This will be a brief post in which I won't discuss any particular of Amino's works. Instead I would like to suggest an interpretation of the relatively early works discussed so far taken as a whole.
Look at his talk of clubs (saibô), stones, river banks, goblins, muen and the "primitive". Look on the other hand at how consistently he focuses on the potential of these things to limit and resist secular power. The conclusion, to me, is clear. Amino's central concern in the works discussed so far is the opposition between the sacred and power, or, more precisely, the ability of "sacred things" - things that appear to transcend human power or understanding - to relativize and destabilize the logic of secular power, the logic of "interest" or the "strategic rationality" that rises to preeminence in the age of money and military might, which is also our modern world.
The importance of bringing in the "sacred" as a potent social force is immense. A society in which the sense of the sacred is strong will follow different laws - a different logic - than the one in which secular interests rule. This insight can be of great help in sociology. It helps us see that "strategic rationality" is limited not only by what Habermas calls the "communicative rationality" of people engaging in rational discussions, but also by lingering vestiges of the sacred. No doubt it is this viewpoint which causes Amino's medieval "publics" (rooted in muen or kugai) to look so strange and different compared to the modern public sphere with its ideal of rationally debating citizens.
The word "vestiges" here is important. What interests Amino is not the sacred as such, but above all the sacred as a primitive force living on as a source of resistance to secular power in so-called civilized societies. There are certainly forms of the sacred that are comfortable with order and state power - we can recall Eliade's long discussions on states and cities modelled on a cosmic order in which sacrality increases with proximity to the center of power. Against this, there is another tradition that sees the sacred as located in margins and transgressions, in wandering and going beyond "civilized life". It goes without saying that what attracts Amino's attention is primarily the latter form of the sacred, but as his discussions of the Japanese emperor system show he is also aware - and, I would say, clearly troubled - by the former as well.

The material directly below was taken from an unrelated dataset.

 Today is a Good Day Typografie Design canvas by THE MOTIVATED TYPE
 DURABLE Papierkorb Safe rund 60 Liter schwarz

The interpretation of Amino as centrally preoccupied with the sacred as a force capable of destabilizing secular power throws light on the "emperor problem" in his writings, his ambiguity in regard to the "sacred" figure of the emperor whose prestige has repeatedly been used in Japanese history to destabilize secular regimes - from Go-Daigo to the "nativist" (kokugaku) scholars helping legitimize the overthrow of the Edo bakufu and to the rightist fanatics dreaming of a "Shôwa restoration" in the 30's.
In Japan, the figure of the emperor is in fact itself deeply ambiguous, lending itself to be seen both as a conservative patron of the establishment and as the object of the wet dreams of rightist revolutionaries, both as the personification of the kokutai (national body) transcending the seitai (apparatus of government) and as the figurehead of this seitai itself. This well-known ambiguity is at the heart of the controversy around Minobe's so-called "organ theory of the emperor": is the emperor an organ of state or does the emperor transcend the state? In relation to the two forms of the sacred, we can say that the sacrality of the emperor has been used throughout Japanese history both to sanctify the ruling order and to challenge it.
As I will show later, Amino rejects both these aspects of imperial power. But the problem is complex and I won't treat it here.